Use web search tool to find authoritative documentation:
Search queries to try:
<topic> official documentation<topic> getting started guide<topic> API reference<topic> GitHub repositorySource prioritization:
Select 3–5 high-quality URLs maximum.
If no credible sources found, ask user to provide a URL.
For each selected URL, read the content:
Extract only relevant sections:
Skip irrelevant content:
If reading the content fails (JavaScript-heavy sites), fall back to browser agent:
Task: Navigate to <URL> and extract the main content including:
- Installation instructions
- Core concepts and API reference
- Code examples
Return the extracted content as markdown.
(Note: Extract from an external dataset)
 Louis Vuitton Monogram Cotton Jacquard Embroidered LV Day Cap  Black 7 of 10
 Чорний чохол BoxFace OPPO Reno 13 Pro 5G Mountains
Record scrape timestamp for each source (use current date: YYYY-MM-DD format).
Skills are modular, self-contained packages. Every skill consists of a required SKILL.md file and optional bundled resources:
skill-name/
├── SKILL.md (required)
│ ├── YAML frontmatter metadata (required)
│ │ ├── name: (required)
│ │ └── description: (required)
│ └── Markdown instructions (required)
└── Bundled Resources (optional)
├── scripts/ - Executable code (Python/Bash/etc.)
├── references/ - Documentation intended to be loaded into context as needed
└── assets/ - Files used in output (templates, icons, fonts, etc.)
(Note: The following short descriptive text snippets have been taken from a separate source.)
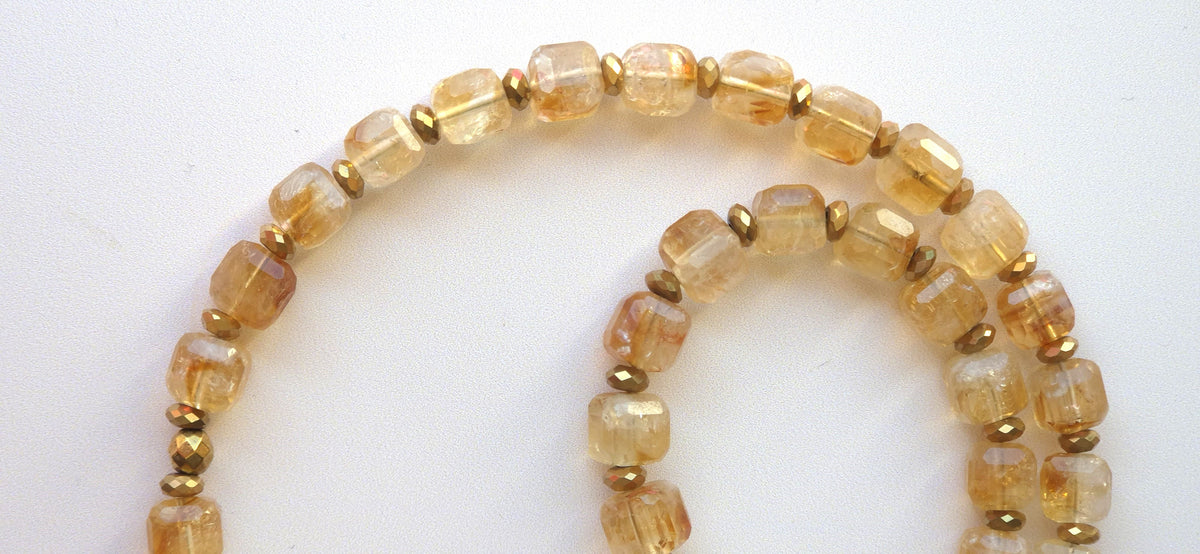 Collier Citrine perle de culture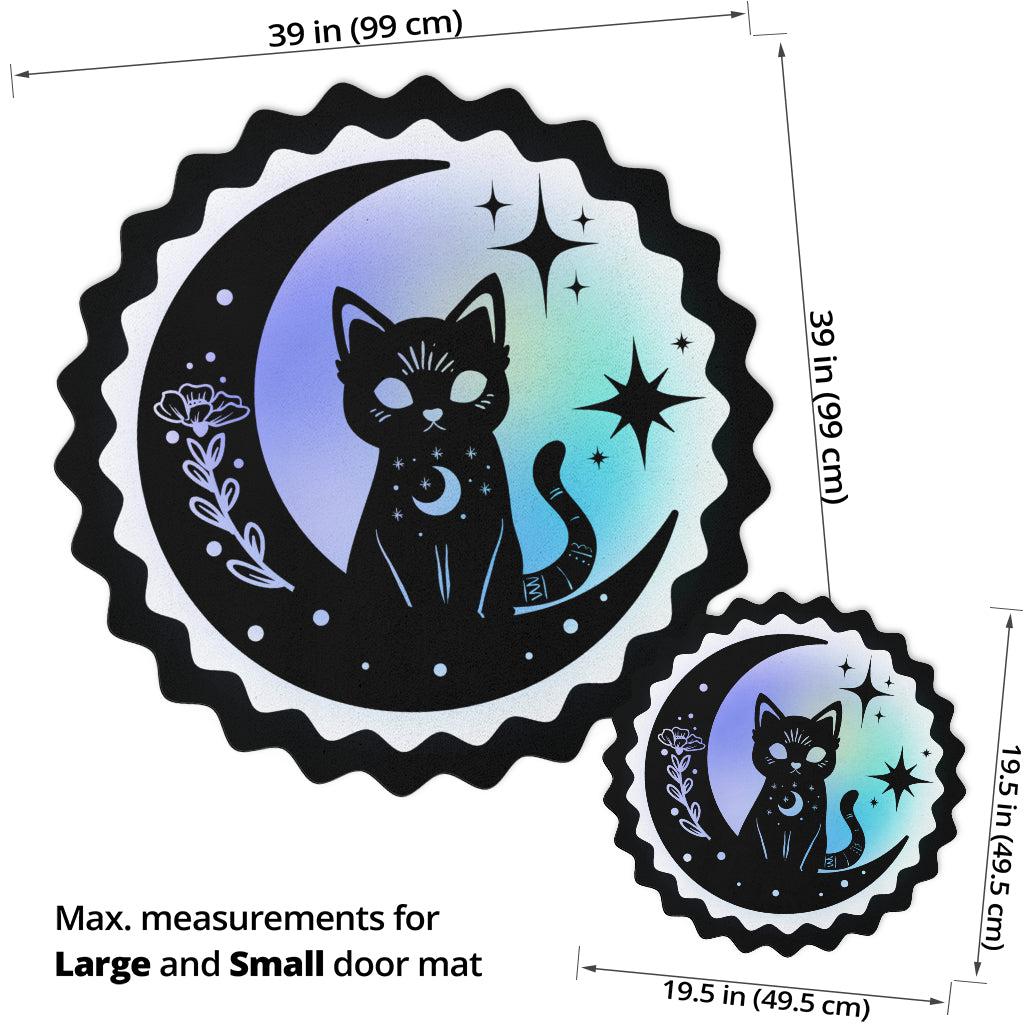 Magic Black Cat Door Mat Moon Cat Doormat-MoonChildWorld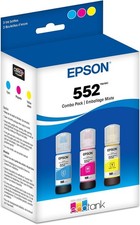 552 EcoTank Ink Ultra-high Capacity Bottle Three Color CMY Combo Pack T552620-S picture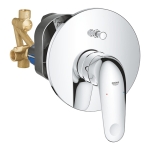 Смесител за вана/душ за вграждане, комплект с тяло Euroeco 32747001 - Grohe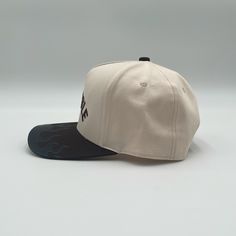 Elevate your look with the Flaming Brim Snapback from Invincible Exclusives. Style, luxury, and confidence in every thread. Cream canvas, brown brim with black flame, brown embroidery Signature stars on side Snapback closure Custom interior lining and tag 100% made from scratch Designed in Detroit Brown Snapback Hat With Short Brim For Streetwear, Brown Short Brim Baseball Cap For Streetwear, Brown Snapback Hat With Embroidered Logo, Embroidery Signature, Brown 5-panel Baseball Cap With Embroidered Logo, Brown 5-panel Snapback Hat With Leather Patch, Brown Embroidery, Black Six-panel Snapback Hat With Embroidered Logo, Black 5-panel Snapback Hat With Embroidered Logo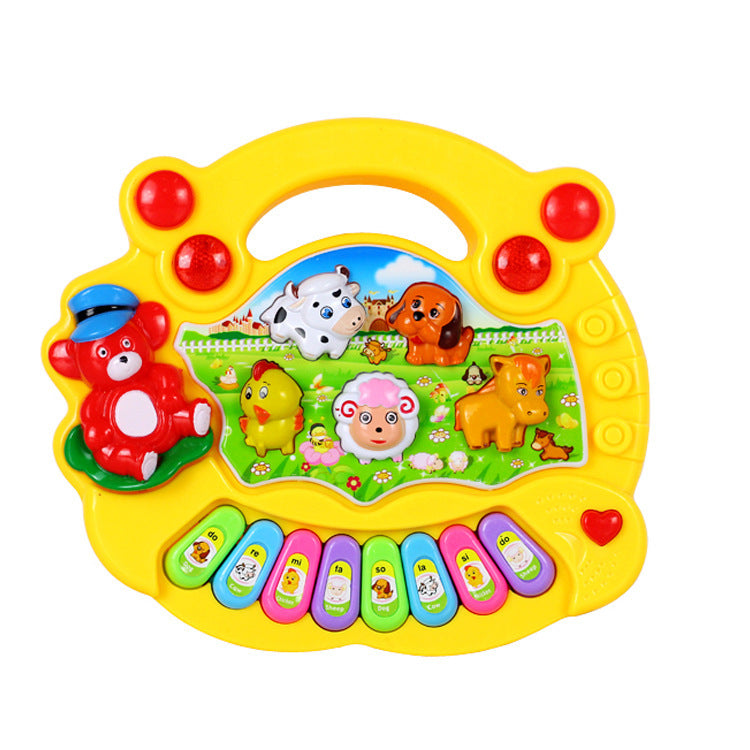 Educational Toys Farm Animal Keyboard Musical Instrument Child Baby Toys 🇨🇳
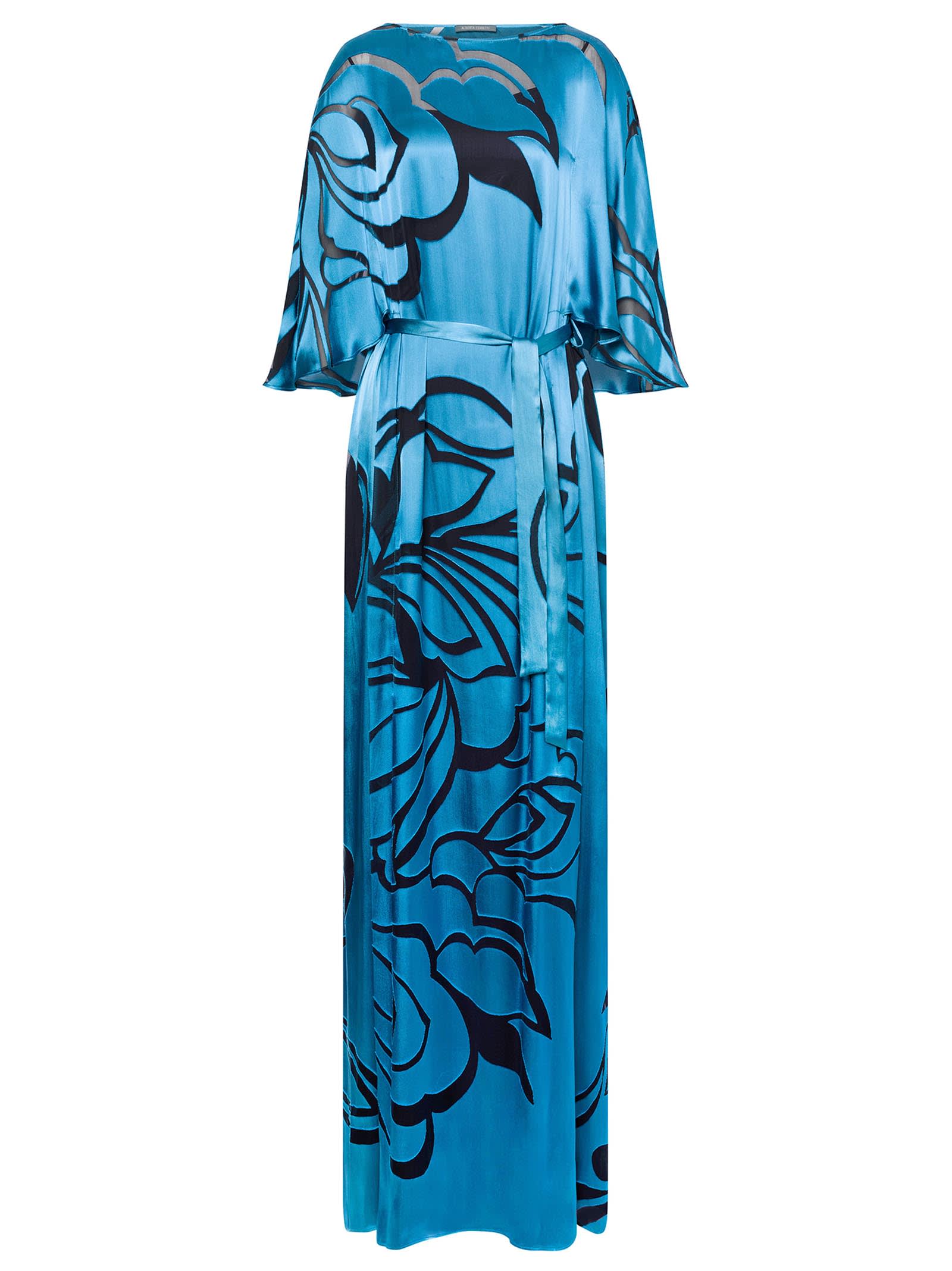 Alberta Ferretti 印花高领连衣裙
references/skill_creation_guide.md to understand the format and principles.Antigravity supports two types of skills, save a global-workspace if asked.
.agent/skills/<skill-folder>/ Workspace-specific~/.gemini/antigravity/skills/<skill-folder>/ Global (all workspaces)Create directory if it doesn't exist, warn user before overwriting existing skill.
Report:
✓ Created skill: <topic>
Sources scraped: <N>
Saved to: .agent/skills/<topic>/SKILL.md
This skill will auto-trigger when working with <topic>.
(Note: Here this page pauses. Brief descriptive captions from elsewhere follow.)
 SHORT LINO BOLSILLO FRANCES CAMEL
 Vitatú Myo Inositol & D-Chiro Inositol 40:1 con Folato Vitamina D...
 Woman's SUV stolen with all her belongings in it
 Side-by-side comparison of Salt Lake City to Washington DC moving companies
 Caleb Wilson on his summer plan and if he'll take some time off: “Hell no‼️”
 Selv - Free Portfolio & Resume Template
search_web: Discover documentation URLsread_url_content: Extract content from static pagesbrowser_subagent: Extract content from JavaScript-heavy siteswrite_to_file: Save the generated skillMake data-driven prioritization decisions faster
Draft PRDs, status updates, and stakeholder presentations
Example
Create executive summary of Q3 roadmap, monthly progress report, feature launch announcement
Save 3-5 hours/week on communication overhead
Prerequisites
Time Estimate
30-60 minutes to see productivity improvements
Steps
Common Pitfalls
✓ Do
✗ Don't
💡 Pro Tips
✓ Use when
Use for user story writing, competitive research, roadmap prioritization, stakeholder communication, and PRD drafting. Best for reducing repetitive documentation and research work.
✗ Avoid when
Avoid for strategic product vision (requires deep customer empathy), pricing decisions (needs market and financial expertise), or when face-to-face customer discovery is more valuable than speed.
mattpocock/skills
parcadei/continuous-claude-v3
cursor/plugins
ailabs-393/ai-labs-claude-skills
pproenca/dot-skills
mattpocock/skills
Registry listing for self-learning matched our evaluation — installs cleanly and behaves as described in the markdown.
self-learning is among the better-maintained entries we tried; worth keeping pinned for repeat workflows.
self-learning reduced setup friction for our internal harness; good balance of opinion and flexibility.
Keeps context tight: self-learning is the kind of skill you can hand to a new teammate without a long onboarding doc.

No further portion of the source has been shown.